UK Green Recovery Plan Boosts CCS (Update)
(Adds comments at end)
UK prime minister Boris Johnson has repeated plans to fund carbon capture and storage (CCS), hydrogen, nuclear power, electric vehicles and renewable energy in a strategy to create jobs and reduce carbon. They have been broadly welcomed by industries looking forward to financing, but a long-awaited government policy paper is also needed, says Cornwall Insights.
The late November 17 £12 ($16)bn ten-point plan is expected to create a quarter of a million job and to mobilise three times as much private sector investment in support of the UK's 2050 net zero goal. Out of the total, only £4bn is new, according to the BBC. But it includes £200mn on top of the previously promised £800mn for CCS. The UK in 2015 under another Conservative government cancelled a £1bn CCS support scheme so this is the second attempt.
Johnson said: "Although this year has taken a very different path from the one we expected, I haven't lost sight of our ambitious plans to level up across the country. My Ten Point Plan will create, support and protect hundreds of thousands of green jobs, whilst making strides towards net zero by 2050.
"Our green industrial revolution will be powered by the wind turbines of Scotland and the northeast, propelled by the electric vehicles made in the Midlands and advanced by the latest technologies developed in Wales, so we can look ahead to a more prosperous, greener future," he added.
Clarity needed
There is so far no clarity on which CCS projects will receive funding, but Storegga, which is working on one in Scotland called Acorn, is hopeful. It told NGW: “Acorn has entered front-end engineering design and is presently the most advanced of the UK’s CCS projects, with first C02 storage operation planned in 2024. It is also the most scalable and is cost competitive.”
CEO Nick Cooper said: "The ability to capture and store significant volumes of CO2 under the North Sea in carbon capture and storage projects such as Acorn will be a crucial part of the UK’s journey to reaching net zero by 2050."

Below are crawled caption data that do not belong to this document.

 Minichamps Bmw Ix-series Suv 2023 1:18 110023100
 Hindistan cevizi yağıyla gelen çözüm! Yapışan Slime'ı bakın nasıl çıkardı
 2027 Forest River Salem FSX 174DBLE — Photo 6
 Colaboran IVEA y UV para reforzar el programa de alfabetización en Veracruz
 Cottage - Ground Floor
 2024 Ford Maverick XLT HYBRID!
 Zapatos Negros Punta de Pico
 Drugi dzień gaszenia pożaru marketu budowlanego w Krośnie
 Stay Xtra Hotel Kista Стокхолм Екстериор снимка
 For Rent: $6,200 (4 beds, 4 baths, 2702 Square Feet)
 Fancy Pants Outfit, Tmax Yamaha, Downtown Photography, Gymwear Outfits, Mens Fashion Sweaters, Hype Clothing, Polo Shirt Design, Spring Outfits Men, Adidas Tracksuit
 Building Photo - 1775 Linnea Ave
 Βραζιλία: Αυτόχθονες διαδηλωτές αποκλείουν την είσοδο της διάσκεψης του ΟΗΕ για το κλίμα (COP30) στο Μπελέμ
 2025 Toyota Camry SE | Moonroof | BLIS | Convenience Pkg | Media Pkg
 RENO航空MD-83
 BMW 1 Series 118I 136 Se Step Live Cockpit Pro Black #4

Upstream group Oil & Gas UK CEO Deirdre Michie said: “The good news for jobs and the economy is that with the right support, companies based here in the UK have the expertise to make us world leaders in tackling emissions, including through carbon capture and hydrogen production, both of which are key to the clean energy system of the future.”
Other contributors to the net-zero carbon future by 2050, which was originally promised by the previous government under Theresa May, include hydrogen networks and domestic heat pumps. But these are some way off, according to digital engineering consultancy Expleo.
“When incorporating a new gas into our system we need to be able to monitor and track its performance. This will require an "internet of pipes" if you will,” it said. “Despite the virtues of hydrogen, the grid is going to need to undergo an immensely complicated digital upgrade before we're ready to reap its benefits.”
Cornwall Insight said the plans to make the City of London the global centre for green finance through sovereign bond, carbon offset markets and disclosure requirements, could be very significant in delivering required capital. The long-awaited Energy White Paper will be the next landing stage for a coherent strategy for the energy sector for the decades ahead."
Global CCS Institute said CCS hubs and clusters across the UK is a significant step forward in mitigating emissions from the UK’s most energy intensive industrial sectors. “The announcement shows leadership in the UK around CCS, an absolutely key climate technology”, said international adviser to the Global CCS Institute and renowned economist at the London School of Economics, Nicholas Stern.
Wood Mackenzie said: “Several industrial CCUS hubs are already in development, and the UK is well-placed to repurpose its depleted North Sea fields to store carbon. Methane-derived hydrogen is already widely used in the petrochemicals and refining sectors. Displacing those emissions with low-carbon hydrogen is an obvious first step, but the potential use cases are much more diverse, ranging from iron and steel production to heavy duty transportation.”
An unambiguous thumbs down came from the privately-funded Global Warming Policy Foundation, long an opponent of counter-productive subsidies that go to importing technology from overseas.
It calculates that UK electricity bills will have to include £27bn/yr, roughly double the wholesale market value of the entire UK electricity sector at present.
These high prices will “render utterly unaffordable the prime minister’s proposals for heat pumps and electric vehicles. This will cause anger.”
Heat pumps cost between £10,000 and £20,000 each to install, so the prime minister’s aim of installing 600,000/yr by 2028 implies an annual cost of between £60bn and £100bn/year, it said, questioning the wisdom of Johnson’s advisers.